Sustainability is a much more complicated issue than most people realise. That’s the conclusion of one judge of Jancis Robinson’s 2020 writing competition, which this year focused on sustainability.
The competition, which attracted 85 entries, was open to entrants from around the world, as long as they wrote on the theme of sustainability.
“We have never had such an impressive response to one of our writing competitions as to this year’s competition with its demanding theme of profiling a wine producer who takes sustainability seriously,” said Jancis Robinson MW when she announced the 18-long shortlist.

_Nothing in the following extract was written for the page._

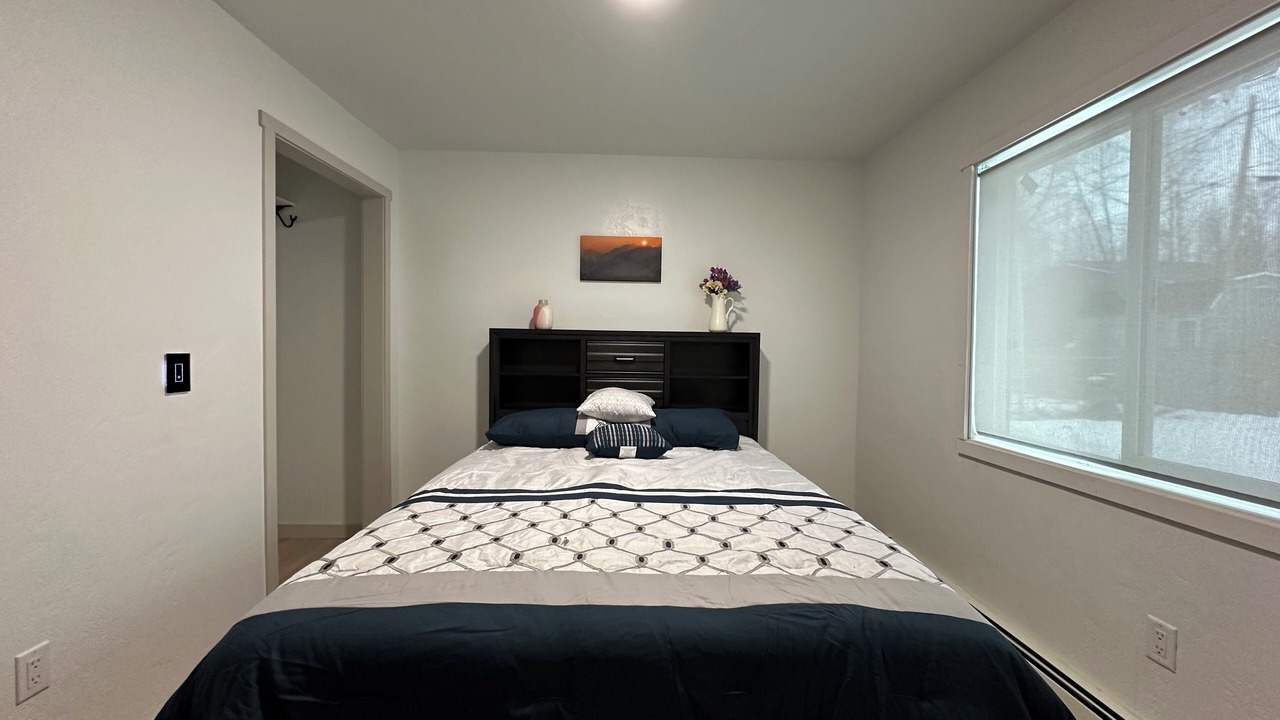 Photo of Bedroom in Northeast Anchorage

Dr Irina Santiago-Brown, one of the competition judges, was so impressed by the breadth and depth of the entries, that she wrote a full report that synthesised the entries’ conclusions.
“When I was asked to help judge JancisRobinson.com’s 2020 writing competition as an external expert on sustainability in wine grape growing, I was surprised and delighted by the stories told of the many different journeys taken towards a more sustainable wine-growing world,” wrote Dr Santiago-Brown in her report.
The combined entries made it clear that the “sustainability concept is always more complex than one might think. It is not a farming system. It is a strategic lens that refracts all of our current decisions in navigating our future”.
The writers, she went on, tackled the big questions of the moment, including how sustainability should be measured in regions with markedly different geographies and histories. How do you judge sustainability when one region might need to spray more because higher rainfall means more fungal diseases, versus a region that needs fewer sprays but more irrigation?
Context is everything and one-size-fits-all solutions are not appropriate for the entire world of wine, not least because there are many factors over which wine growers have no control, from vineyard location to water availability, laws, distance to markets and labour.
“What sustainability are we talking about? Our wine businesses, our communities, our consumers, our countries, or the world?” Dr Santiago-Brown wrote. “These questions demonstrate the systemic nature of sustainability and the difficulty of communicating sustainable production to consumers.”
Dr Santiago-Brown of Inkwell Wines in the McLaren Vale, Australia was one of two judges, the other being Tobias Webb, the co-founder of Sustainable Wine in the UK.
This week, two equal winners were chosen from a shortlist of 18: Pascal Brooks’ profile of his family’s Brooks Wines in Oregon and the account of Spottswoode in Napa Valley, written jointly by Ashley Hausman MW and Martin Reyes MW.